His benevolence, affection, kindness of heart, and elasticity of
spirit, are truly remarkable. He has a good head, a fine countenance,
and a great spirit, notwithstanding his education has been obtained in
the horrible school of slavery. Just get him to tell you his
narrative, and if you happen to have an anti-slavery meeting, let him
tell his tale to a British audience.' In the letter of another highly
esteemed friend, he is spoken of as 'unsurpassed for faithfulness and
perseverance;' in the letter of a third, as a 'worthy and respectable
man.' On examining a book containing a list of the donations made him
by American friends, in aid of his noble design to rescue from the
miseries of slavery his relations, I found the names and certificates
of persons of the highest respectability. It will be amply sufficient
with those who are acquainted with the Abolitionists of the United
States, for me to name General Fessenden, and Nathan Winslow, Esq., of
Portland, Maine; the Rev. A.A. Phelps, Ellis Gray Loring, and Samuel
E. Sewall, Esqs., of Boston, Massachusetts. Being satisfied, by these
indubitable vouchers, of Moses Grandy's title to credit, I listened to
his artless tale with entire confidence, and with a feeling of
interest which all will participate who peruse the following pages.
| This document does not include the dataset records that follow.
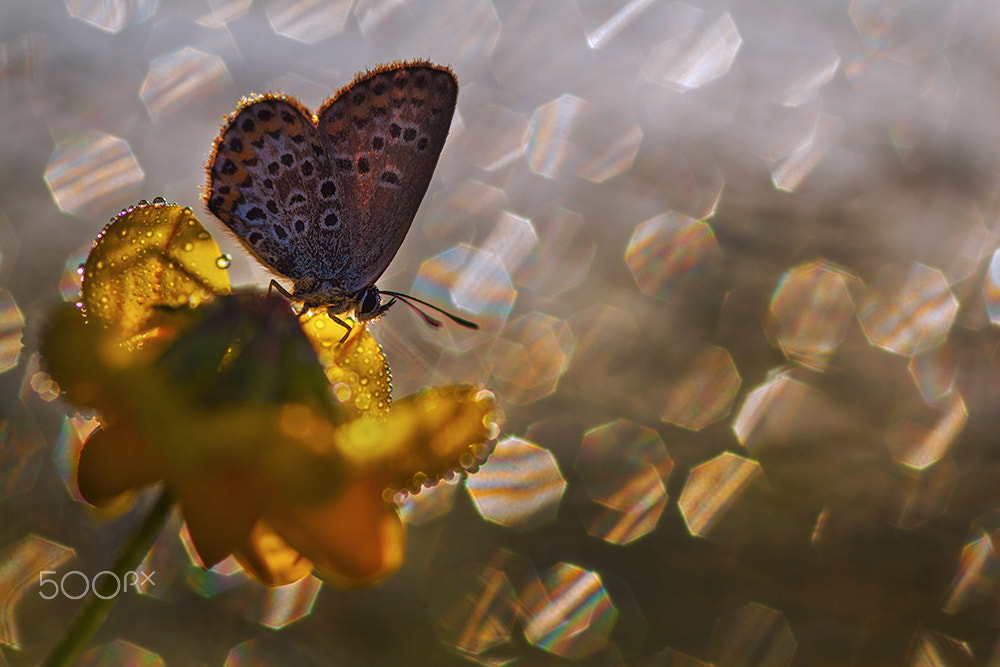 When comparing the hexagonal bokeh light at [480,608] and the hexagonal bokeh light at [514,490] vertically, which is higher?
the hexagonal bokeh light at [514,490]

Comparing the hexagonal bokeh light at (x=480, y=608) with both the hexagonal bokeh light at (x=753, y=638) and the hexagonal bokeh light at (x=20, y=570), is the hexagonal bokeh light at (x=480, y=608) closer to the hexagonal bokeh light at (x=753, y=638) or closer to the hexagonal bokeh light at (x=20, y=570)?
the hexagonal bokeh light at (x=753, y=638)

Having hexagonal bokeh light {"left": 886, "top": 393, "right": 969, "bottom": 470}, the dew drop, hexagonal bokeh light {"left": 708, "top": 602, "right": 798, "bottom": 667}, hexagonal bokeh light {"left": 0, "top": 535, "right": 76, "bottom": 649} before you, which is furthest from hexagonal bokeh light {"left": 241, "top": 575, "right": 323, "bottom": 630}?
hexagonal bokeh light {"left": 886, "top": 393, "right": 969, "bottom": 470}

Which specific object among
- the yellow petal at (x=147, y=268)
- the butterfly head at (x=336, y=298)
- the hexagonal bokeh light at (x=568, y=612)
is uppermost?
the yellow petal at (x=147, y=268)

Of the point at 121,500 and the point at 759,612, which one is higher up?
the point at 121,500

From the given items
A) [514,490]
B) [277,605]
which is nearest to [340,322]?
[277,605]

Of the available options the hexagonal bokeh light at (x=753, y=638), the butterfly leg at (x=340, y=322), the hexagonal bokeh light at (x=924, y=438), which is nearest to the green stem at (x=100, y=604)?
the butterfly leg at (x=340, y=322)

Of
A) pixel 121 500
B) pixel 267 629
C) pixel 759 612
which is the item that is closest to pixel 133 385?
pixel 121 500

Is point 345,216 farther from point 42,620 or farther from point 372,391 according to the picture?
point 42,620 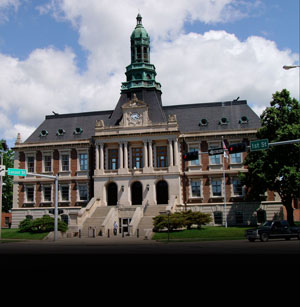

Considering his Narrative calculated to promote a more extensive
knowledge of the workings of American slavery, and that its sale might
contribute to the object which engages so entirely the mind of Moses,
namely, the redemption of those who are in bonds, belonging to his
family, I resolved to commit it to the press, as nearly as possible in
the language of Moses himself. I have carefully abstained from casting
a single reflection or animadversion of my own. I leave the touching
story of the self-liberated captive to speak for itself, and the wish
of my heart will be gratified, and my humble effort on his behalf be
richly rewarded, if this little book is the means of obtaining for my
colored brother the assistance which he seeks, or of increasing the
zeal of those who are associated for the purpose of 'breaking every
yoke and setting the oppressed free.'
GEORGE THOMPSON.
_9, Blandford Place, Regent's Park_,
_October 18th, 1842._
NARRATIVE.
My name is Moses Grandy. I was born in Camden county, North Carolina.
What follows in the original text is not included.